The executive authority of the Zuni is vested in an officer styled governor one—Pedro Pino—who, however, is but the mouth-piece of the spiritual ruler, the cacique; the orders of the latter are the laws governing the tribe, their execution simply resting with the governor. In conversation, Pedro Pino informed us that he was the ruler of the country between the Neutrias and Colorado Chiquito, some sixty miles, and Agua Fria and the Moquis settlements, about one hundred miles apart. In appearance, he is perhaps sixty years old, of commanding presence and affable manners; his hair is snow-white. He told us he had been governor of the Zuni people for many years, and that the tribe had always been friendly to the whites (Americans), from many of whom he had testimonials to the latter effect. Ordering his son, Patrizio, to bring him certain papers, he produced letters from officers of our army and private citizens, which referred to the governor in the highest terms, and also spoke of the uniform kindness in their treatment of his people.

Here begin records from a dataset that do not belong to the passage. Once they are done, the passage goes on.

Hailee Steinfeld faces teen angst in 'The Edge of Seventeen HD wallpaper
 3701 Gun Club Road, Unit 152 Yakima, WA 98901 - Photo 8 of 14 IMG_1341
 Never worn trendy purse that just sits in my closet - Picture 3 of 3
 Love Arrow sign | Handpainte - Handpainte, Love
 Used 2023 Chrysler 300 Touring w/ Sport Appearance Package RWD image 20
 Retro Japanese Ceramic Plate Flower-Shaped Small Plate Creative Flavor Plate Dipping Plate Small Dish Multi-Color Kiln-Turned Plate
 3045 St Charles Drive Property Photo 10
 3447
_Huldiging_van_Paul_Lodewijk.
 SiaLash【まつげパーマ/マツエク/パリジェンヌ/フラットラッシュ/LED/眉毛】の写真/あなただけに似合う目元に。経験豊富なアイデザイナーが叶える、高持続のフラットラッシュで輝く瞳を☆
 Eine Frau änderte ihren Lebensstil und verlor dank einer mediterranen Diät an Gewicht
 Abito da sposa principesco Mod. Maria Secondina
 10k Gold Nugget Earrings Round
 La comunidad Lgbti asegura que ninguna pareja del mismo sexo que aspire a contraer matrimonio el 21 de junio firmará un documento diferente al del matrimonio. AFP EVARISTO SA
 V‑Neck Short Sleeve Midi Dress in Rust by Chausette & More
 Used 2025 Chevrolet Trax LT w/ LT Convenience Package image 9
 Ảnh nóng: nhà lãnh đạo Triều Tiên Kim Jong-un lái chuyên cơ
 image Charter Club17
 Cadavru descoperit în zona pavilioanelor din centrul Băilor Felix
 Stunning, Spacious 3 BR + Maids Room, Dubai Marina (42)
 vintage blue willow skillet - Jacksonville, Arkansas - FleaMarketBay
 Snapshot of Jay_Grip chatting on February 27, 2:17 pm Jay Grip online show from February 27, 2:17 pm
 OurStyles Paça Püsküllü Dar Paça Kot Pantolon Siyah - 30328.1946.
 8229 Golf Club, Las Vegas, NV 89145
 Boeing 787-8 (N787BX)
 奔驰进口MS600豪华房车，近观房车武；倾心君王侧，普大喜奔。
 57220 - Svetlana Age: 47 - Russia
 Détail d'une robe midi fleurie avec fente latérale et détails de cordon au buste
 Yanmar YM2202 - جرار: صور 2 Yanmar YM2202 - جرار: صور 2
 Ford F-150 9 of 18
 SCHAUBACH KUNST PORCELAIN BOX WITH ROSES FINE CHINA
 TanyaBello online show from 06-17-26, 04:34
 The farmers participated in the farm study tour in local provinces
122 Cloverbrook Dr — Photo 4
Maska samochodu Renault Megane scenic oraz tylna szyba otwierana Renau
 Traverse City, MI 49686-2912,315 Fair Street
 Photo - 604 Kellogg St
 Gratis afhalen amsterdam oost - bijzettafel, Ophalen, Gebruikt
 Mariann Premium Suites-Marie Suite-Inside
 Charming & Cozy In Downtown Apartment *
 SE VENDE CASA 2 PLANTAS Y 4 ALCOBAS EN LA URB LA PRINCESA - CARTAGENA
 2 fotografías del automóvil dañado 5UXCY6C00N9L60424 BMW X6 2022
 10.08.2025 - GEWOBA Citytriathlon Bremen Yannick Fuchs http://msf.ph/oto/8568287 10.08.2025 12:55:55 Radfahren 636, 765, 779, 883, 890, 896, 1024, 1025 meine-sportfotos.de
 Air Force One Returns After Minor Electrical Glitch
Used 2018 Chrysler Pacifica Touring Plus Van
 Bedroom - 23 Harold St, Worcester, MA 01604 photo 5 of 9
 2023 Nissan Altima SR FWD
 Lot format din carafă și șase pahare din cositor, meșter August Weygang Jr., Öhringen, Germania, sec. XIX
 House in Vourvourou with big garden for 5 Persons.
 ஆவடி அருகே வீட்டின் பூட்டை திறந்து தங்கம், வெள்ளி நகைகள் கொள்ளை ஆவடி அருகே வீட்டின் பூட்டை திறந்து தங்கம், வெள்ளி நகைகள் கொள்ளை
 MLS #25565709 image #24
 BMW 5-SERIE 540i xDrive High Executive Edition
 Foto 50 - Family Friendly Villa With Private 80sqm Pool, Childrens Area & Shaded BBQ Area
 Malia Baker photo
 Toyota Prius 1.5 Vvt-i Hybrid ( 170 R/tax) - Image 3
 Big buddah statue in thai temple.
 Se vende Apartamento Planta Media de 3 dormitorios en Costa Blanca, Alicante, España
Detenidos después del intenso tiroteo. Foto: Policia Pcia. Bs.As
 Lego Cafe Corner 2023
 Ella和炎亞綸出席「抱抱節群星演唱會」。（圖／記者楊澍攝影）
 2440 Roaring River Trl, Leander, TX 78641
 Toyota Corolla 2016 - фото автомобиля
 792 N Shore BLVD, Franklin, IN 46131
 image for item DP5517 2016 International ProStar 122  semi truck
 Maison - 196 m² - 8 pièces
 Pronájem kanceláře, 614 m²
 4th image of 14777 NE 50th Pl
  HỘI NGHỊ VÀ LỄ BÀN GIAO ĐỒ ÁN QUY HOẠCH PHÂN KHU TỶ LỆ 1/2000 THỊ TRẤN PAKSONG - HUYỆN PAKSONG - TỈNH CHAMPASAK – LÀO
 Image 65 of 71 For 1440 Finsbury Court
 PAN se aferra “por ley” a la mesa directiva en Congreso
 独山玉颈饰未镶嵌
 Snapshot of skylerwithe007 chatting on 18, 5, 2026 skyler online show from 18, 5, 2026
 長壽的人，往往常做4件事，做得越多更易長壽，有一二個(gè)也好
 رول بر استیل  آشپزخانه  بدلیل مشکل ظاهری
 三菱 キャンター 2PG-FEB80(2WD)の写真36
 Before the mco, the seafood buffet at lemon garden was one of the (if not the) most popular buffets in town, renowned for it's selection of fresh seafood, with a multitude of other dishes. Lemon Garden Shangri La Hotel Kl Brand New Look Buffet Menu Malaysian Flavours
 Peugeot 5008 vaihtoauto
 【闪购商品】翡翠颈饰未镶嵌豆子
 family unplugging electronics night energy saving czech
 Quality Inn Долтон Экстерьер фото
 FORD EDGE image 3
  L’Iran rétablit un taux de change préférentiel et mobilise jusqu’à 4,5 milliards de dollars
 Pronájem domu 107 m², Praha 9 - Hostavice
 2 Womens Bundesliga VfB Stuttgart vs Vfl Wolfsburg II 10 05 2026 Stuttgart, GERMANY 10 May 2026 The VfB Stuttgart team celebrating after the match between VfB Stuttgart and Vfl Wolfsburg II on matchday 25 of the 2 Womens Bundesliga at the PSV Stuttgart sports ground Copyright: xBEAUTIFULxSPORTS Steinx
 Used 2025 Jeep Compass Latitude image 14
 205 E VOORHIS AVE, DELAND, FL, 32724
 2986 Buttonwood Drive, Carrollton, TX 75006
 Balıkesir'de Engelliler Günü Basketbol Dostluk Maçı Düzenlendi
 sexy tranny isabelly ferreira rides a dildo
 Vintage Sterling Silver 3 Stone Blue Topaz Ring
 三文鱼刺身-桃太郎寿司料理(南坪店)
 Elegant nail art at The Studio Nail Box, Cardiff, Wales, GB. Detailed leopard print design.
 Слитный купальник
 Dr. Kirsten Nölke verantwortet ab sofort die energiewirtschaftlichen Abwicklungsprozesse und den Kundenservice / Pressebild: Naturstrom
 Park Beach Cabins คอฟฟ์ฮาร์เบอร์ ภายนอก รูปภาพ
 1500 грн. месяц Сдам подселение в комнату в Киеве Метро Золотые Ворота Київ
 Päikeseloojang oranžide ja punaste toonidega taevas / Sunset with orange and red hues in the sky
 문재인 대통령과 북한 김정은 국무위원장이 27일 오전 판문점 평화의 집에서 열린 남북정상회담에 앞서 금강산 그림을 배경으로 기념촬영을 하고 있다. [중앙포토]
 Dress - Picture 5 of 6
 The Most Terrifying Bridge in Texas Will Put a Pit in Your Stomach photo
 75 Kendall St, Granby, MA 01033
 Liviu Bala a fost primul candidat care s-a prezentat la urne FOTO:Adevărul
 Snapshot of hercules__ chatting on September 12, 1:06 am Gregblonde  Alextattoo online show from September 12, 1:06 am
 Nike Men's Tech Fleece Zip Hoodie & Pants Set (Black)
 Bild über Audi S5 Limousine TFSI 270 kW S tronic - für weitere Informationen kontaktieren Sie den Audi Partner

"The Americans," continued the governor, "treat us well, but the Mexicans very badly; the latter have always maltreated us, and we want them neither to go through our country nor to reside among us. The heavens punish us by long drought for allowing them to remain on the Colorado Chiquito. My cacique, who prays for rain, and who is the spiritual and temporal ruler of this people, watches the sun daily, and is much distressed because no rain falls. He (the cacique) attributes the drought to the presence of the Mexican on our soil."